戸惑いの姫君と貴公子は、オフィスがお好き?【改訂版】
すると我が道を邪魔されていた福本さんは鼻を鳴らし、キツイ香りを漂わせて不機嫌に歩き始めたが。
みるからに踏まれれば痛そうなピンヒールの足をピタッと止め、再びコチラへ視線を合わせて来る。
何だろうかと僅かに首を傾げれば、先ほど以上に険しい面持ちの彼女と対峙する羽目となった。
すでに秘書室ではお局さまとして勢力拡大中なのだろう、威嚇する迫力が凄まじい。
これが男の人の前では、コロリと声色と表情を一変させるのだから凄いと思うわ。
連携プレーの取れた、受付嬢の次は何を言われるのだろうかと、ゴクリと喉を鳴らして沈黙に耐えていると。

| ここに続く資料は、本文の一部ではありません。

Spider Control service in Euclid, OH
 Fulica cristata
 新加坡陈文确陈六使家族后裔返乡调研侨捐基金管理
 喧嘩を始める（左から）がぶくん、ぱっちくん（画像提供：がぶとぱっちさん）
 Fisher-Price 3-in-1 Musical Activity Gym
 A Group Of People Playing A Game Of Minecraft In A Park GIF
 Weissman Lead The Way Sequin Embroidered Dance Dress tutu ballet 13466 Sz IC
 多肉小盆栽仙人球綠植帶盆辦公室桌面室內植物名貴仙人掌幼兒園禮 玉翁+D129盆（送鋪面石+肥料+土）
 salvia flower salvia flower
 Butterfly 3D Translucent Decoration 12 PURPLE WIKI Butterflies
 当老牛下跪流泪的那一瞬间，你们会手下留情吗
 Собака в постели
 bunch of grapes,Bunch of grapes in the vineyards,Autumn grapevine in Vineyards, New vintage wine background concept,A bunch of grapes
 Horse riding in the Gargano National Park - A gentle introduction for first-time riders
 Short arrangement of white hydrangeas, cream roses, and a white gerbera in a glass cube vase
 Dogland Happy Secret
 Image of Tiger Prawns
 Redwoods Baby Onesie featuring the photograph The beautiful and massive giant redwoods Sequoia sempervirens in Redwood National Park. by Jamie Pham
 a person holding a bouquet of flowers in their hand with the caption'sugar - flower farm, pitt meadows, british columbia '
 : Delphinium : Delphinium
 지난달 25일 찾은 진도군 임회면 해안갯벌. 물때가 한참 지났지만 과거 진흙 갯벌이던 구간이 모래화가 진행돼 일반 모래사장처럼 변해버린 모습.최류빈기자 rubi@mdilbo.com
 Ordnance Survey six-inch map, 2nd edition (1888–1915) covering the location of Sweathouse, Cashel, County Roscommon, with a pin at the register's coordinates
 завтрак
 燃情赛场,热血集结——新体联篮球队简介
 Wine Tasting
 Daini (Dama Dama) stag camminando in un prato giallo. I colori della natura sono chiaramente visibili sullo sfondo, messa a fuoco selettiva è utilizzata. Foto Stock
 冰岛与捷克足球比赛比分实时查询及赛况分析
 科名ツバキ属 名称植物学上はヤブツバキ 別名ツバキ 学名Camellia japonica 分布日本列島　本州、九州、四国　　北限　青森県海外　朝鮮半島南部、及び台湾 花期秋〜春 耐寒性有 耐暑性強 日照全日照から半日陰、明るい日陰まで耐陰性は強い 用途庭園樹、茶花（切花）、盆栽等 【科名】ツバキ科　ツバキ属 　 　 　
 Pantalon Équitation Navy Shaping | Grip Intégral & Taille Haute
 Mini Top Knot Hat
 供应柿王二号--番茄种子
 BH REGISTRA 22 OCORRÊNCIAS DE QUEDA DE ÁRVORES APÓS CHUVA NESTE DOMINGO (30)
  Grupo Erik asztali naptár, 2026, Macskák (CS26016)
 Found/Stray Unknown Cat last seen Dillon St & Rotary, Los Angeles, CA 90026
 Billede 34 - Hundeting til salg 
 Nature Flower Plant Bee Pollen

キスの際に男性が大変に思うほど、口紅ベットリな口元を緩ませた彼女。
「ホント…、婚約者さんも大変ねぇ。
高階専務は“色々”お相手されて、常々お忙しいでしょうから」
そう嫌味を誇張して吐き捨てた口と同じく、塗りどころが見つからないといったメイク顔は圧巻ものだ。
ところどころの単語に大袈裟なアクセントを置いて、フンと鼻を鳴らして笑うとは失礼極まりない。
「…ええ、そうですね。
専務の忙しさは、まがいなりに理解しておりましたが、先輩の優しいアドバイスに感謝いたします」
ニコリ笑顔でサラサラかわす私こそ、図太い神経の持ち主だろう。
女子社員の間で有名な先輩に、なかなか嫌味返しは出来かねるものだ。
「へぇ…、そんな風に寛大だと結婚出来るのね」
地味な後輩の図々しい態度が、明らかにお気に召さなかったらしい彼女。
“ソレなら良いけど”と、最後にギロリ睨みを利かせて立ち去ってくれた。